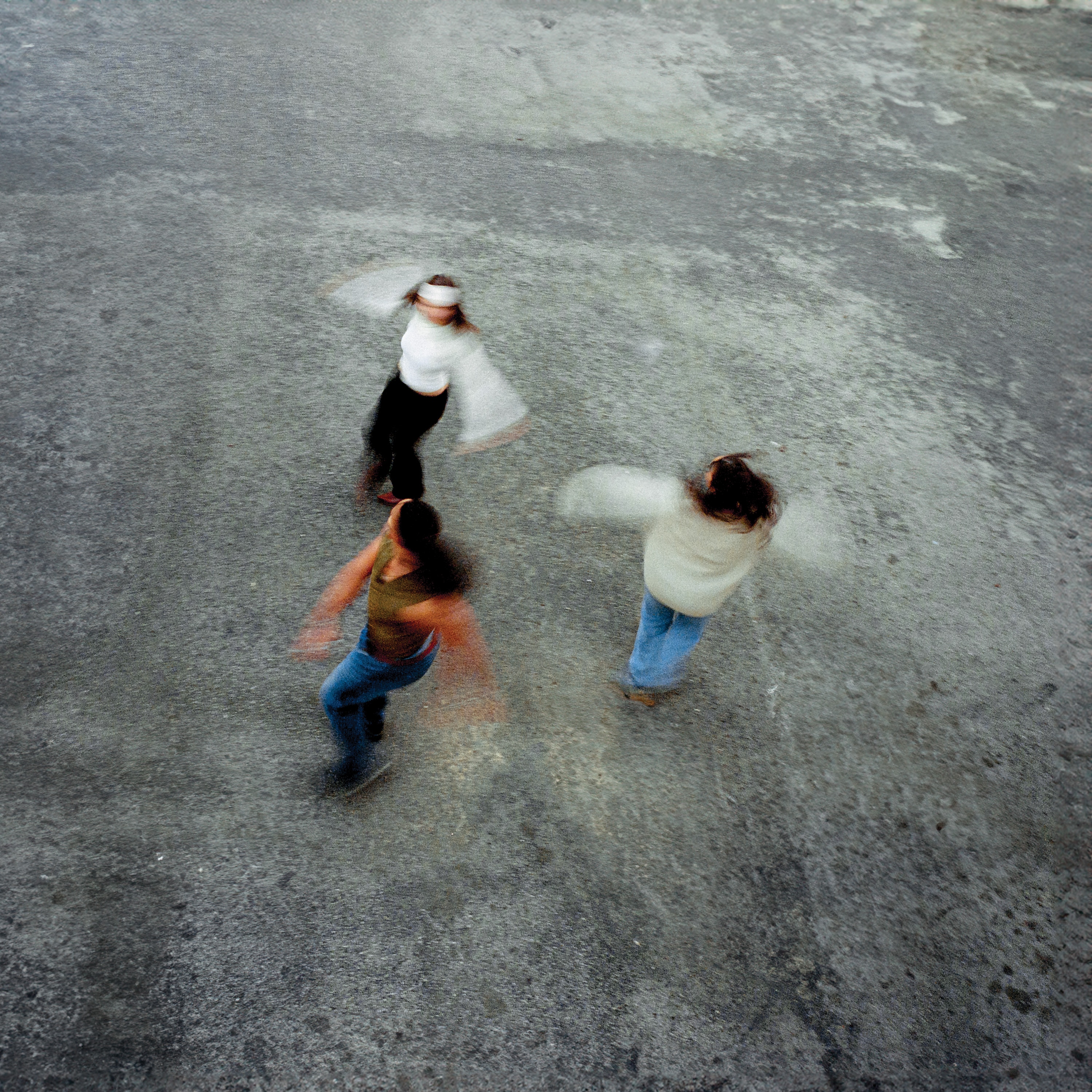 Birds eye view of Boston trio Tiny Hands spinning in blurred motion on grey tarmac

...

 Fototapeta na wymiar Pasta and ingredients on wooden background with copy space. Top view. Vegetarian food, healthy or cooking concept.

--

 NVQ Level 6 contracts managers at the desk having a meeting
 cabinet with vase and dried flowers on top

◆ WHAT THE EXERCISE ASKS:
Return all lines of the material above in which "with" occurs.

◆ SOLUTION FOR THIS EXERCISE:
 Fototapeta na wymiar Pasta and ingredients on wooden background with copy space. Top view. Vegetarian food, healthy or cooking concept.
 cabinet with vase and dried flowers on top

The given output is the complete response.